Alguns homens se sentiram incomodados ao assistir ao show de Simone Mendes na Festa do Peão de Boiadeiro, em Barretos, na última sexta-feira. Enquanto a cantora bradava um longo discurso sobre como uma mulher deve ser tratada no casamento, teve gente xingando e pedindo que ela voltasse a cantar.

A cena foi um reflexo de movimentos estéticos e discursivos que vêm transformando o sertanejo e ficaram latentes na maior festa do peão do Brasil. O evento no interior de São Paulo, ao mesmo tempo um rodeio e um festival de música, começou na semana passada e vai até o próximo domingo (25).

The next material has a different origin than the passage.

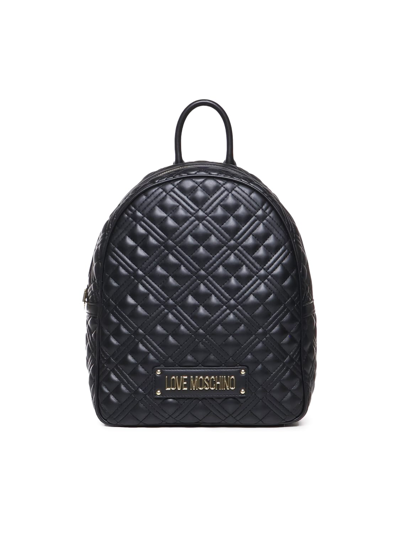 Shop Love Moschino Quilted Backpack With Logo In Black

Ana Castela em show na Festa do Peão de Boiadeiro, em Barretos, no interior de São Paulo
Ana Castela em show na Festa do Peão de Boiadeiro, em Barretos, no interior de São Paulo - Rafaela Araújo/Folhapress

Produto do feminejo, movimento de mulheres que cantam sobre romances do ponto de vista feminino, Mendes fez um show que foi mais carnavalesco do que sofredor. Como uma Ivete Sangalo do sertanejo, ela pulou, dançou, pediu que o público se beijasse e quebrou qualquer decoro com sua espontaneidade. No discurso, explicou o que tem de ser feito para manter a vida sexual ativa no casamento.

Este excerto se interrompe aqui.